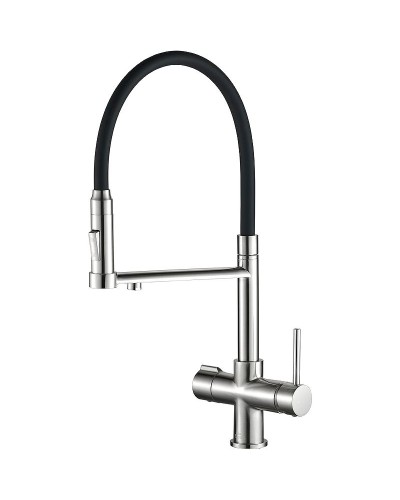 Смеситель для кухни ZorG Steel Hammer SH 2003 SATIN Сатин Черный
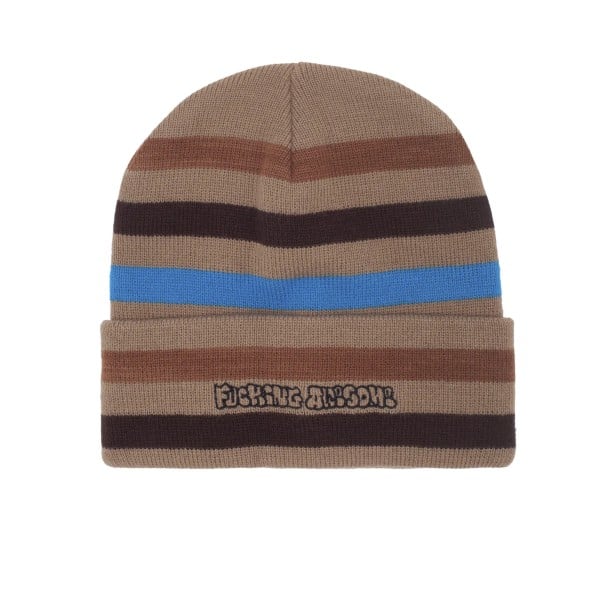 Fucking Awesome Wanto Striped Cuff Beanie (Khaki/Multi)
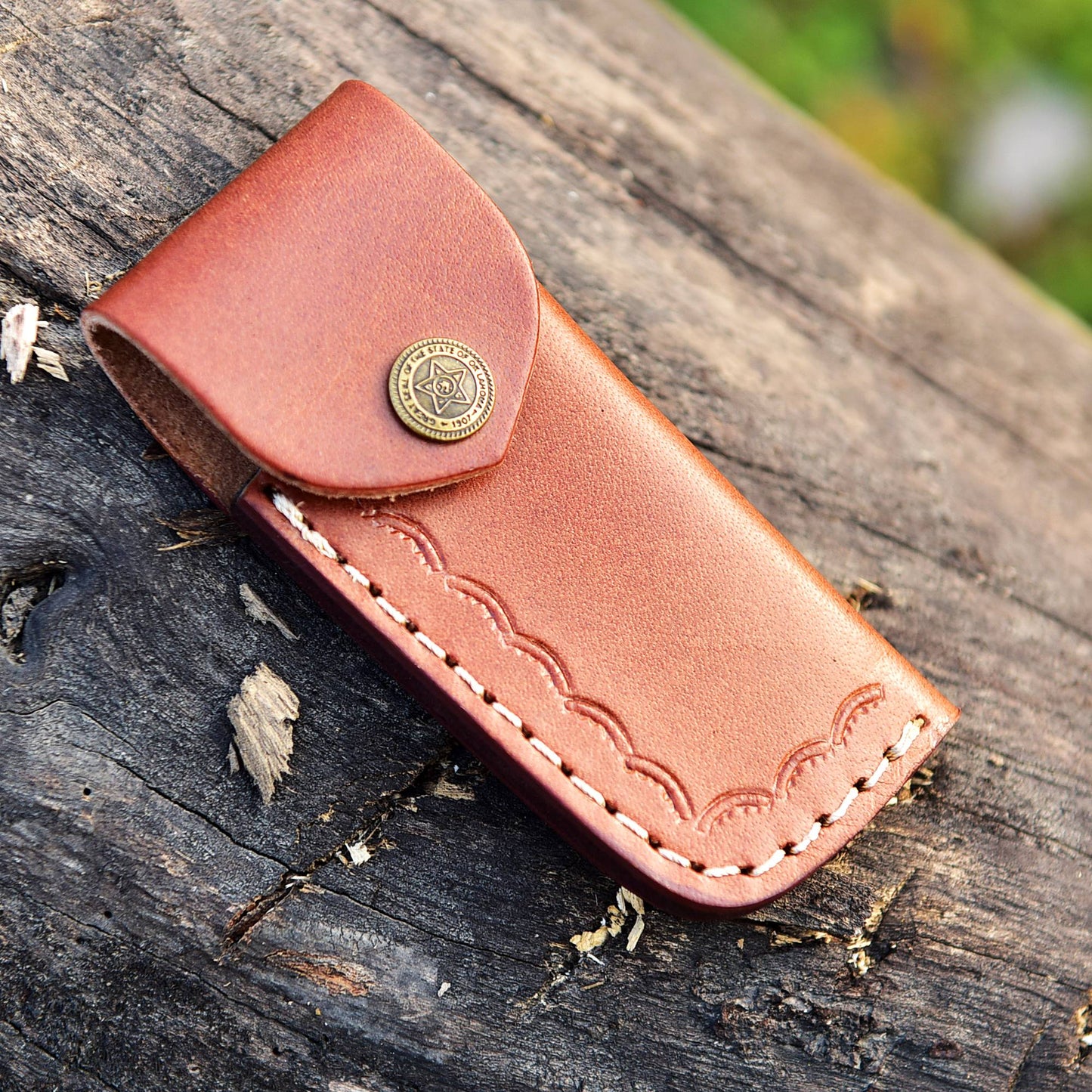 Customs Handmade Damascus Steel Folding Blade Pocket Knife With Sheath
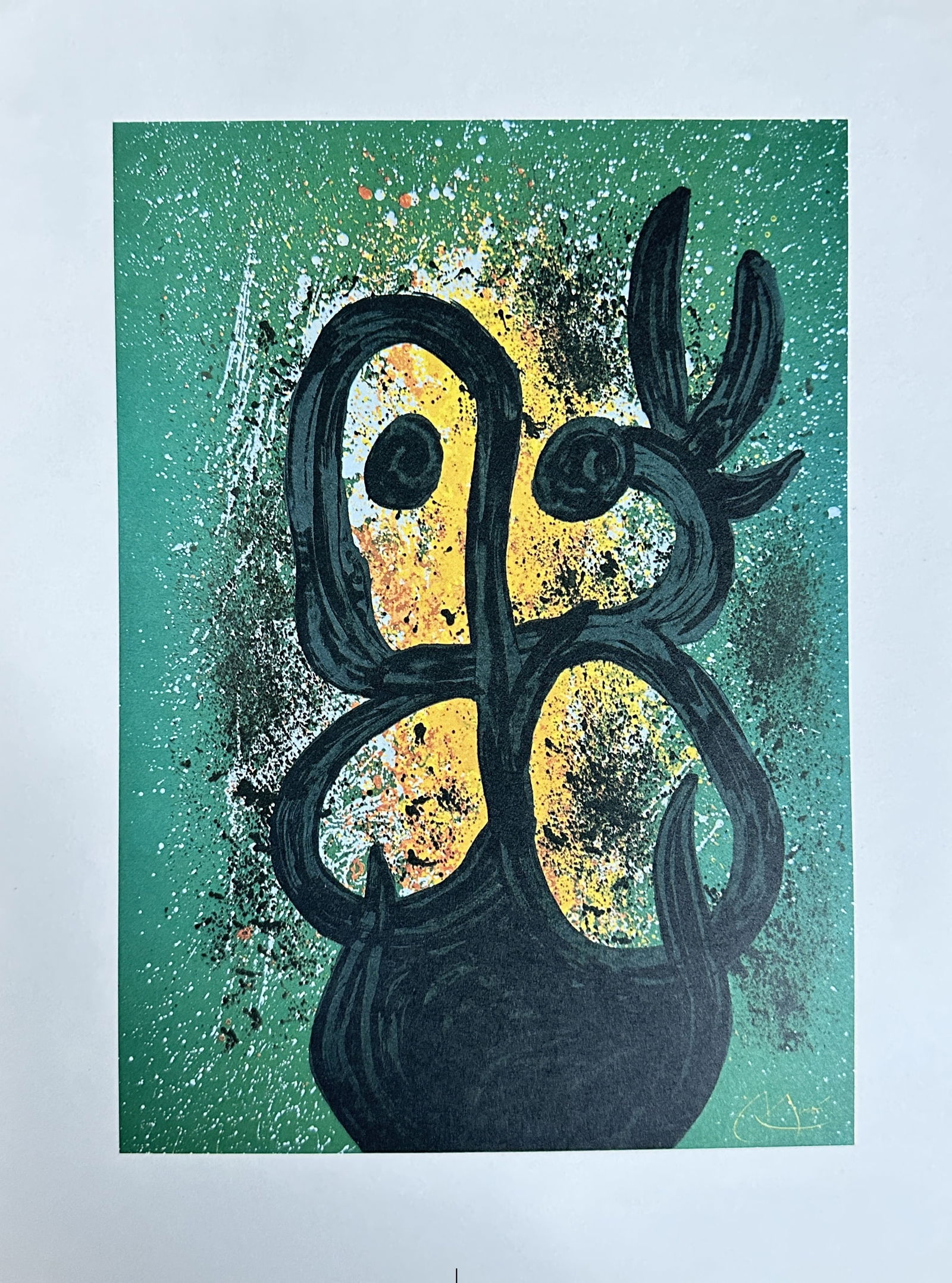 Joan Miró (1893–1983) – Woman With Dove – Offset Lithograph (circa 1970s) (1 of 3)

=== Directions for this task ===
Set the pictures aside and transcribe the data above exactly.

=== Result of the exercise ===
 Смеситель для кухни ZorG Steel Hammer SH 2003 SATIN Сатин Черный
 Fucking Awesome Wanto Striped Cuff Beanie (Khaki/Multi)
 Customs Handmade Damascus Steel Folding Blade Pocket Knife With Sheath
 Joan Miró (1893–1983) – Woman With Dove – Offset Lithograph (circa 1970s) (1 of 3)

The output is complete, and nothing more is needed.